- _Data for this task_:
▽

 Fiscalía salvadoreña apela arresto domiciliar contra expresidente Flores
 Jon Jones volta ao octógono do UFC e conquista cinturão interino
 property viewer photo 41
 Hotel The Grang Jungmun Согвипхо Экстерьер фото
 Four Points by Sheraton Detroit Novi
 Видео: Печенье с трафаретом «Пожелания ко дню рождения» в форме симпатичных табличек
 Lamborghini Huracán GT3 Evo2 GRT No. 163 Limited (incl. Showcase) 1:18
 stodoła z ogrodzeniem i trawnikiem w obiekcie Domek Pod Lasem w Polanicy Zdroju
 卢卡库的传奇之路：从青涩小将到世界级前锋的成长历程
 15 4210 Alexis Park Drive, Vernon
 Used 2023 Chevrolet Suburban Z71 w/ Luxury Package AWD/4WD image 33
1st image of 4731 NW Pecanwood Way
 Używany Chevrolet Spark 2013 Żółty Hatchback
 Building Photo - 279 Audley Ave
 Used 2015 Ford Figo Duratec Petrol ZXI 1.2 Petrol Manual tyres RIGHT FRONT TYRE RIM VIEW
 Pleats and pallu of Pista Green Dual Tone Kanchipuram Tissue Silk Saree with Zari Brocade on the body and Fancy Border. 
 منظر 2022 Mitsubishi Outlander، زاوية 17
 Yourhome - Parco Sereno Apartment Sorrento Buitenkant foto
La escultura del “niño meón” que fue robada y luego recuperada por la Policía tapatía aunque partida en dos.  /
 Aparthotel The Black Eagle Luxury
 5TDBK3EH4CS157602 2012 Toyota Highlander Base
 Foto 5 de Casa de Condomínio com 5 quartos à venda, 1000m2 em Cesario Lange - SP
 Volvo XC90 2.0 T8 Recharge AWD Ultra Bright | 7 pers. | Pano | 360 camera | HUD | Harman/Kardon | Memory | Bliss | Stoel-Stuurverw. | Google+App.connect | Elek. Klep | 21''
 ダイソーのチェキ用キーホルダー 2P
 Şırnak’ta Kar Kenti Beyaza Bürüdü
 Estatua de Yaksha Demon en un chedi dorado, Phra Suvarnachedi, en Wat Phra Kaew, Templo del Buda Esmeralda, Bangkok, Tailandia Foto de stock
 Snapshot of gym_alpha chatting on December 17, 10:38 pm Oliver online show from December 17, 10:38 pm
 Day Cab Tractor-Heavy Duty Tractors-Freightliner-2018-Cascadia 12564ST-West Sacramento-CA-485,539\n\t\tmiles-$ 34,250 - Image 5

△

- _What is expected_: Which lines run from the one holding "Pleats and pallu" through the one holding "5TDBK3EH4CS157602 2012 Toyota" in the records above? Repeat them exactly, both included, and nothing more.

- _Output for this exercise_:
 Pleats and pallu of Pista Green Dual Tone Kanchipuram Tissue Silk Saree with Zari Brocade on the body and Fancy Border. 
 منظر 2022 Mitsubishi Outlander، زاوية 17
 Yourhome - Parco Sereno Apartment Sorrento Buitenkant foto
La escultura del “niño meón” que fue robada y luego recuperada por la Policía tapatía aunque partida en dos.  /
 Aparthotel The Black Eagle Luxury
 5TDBK3EH4CS157602 2012 Toyota Highlander Base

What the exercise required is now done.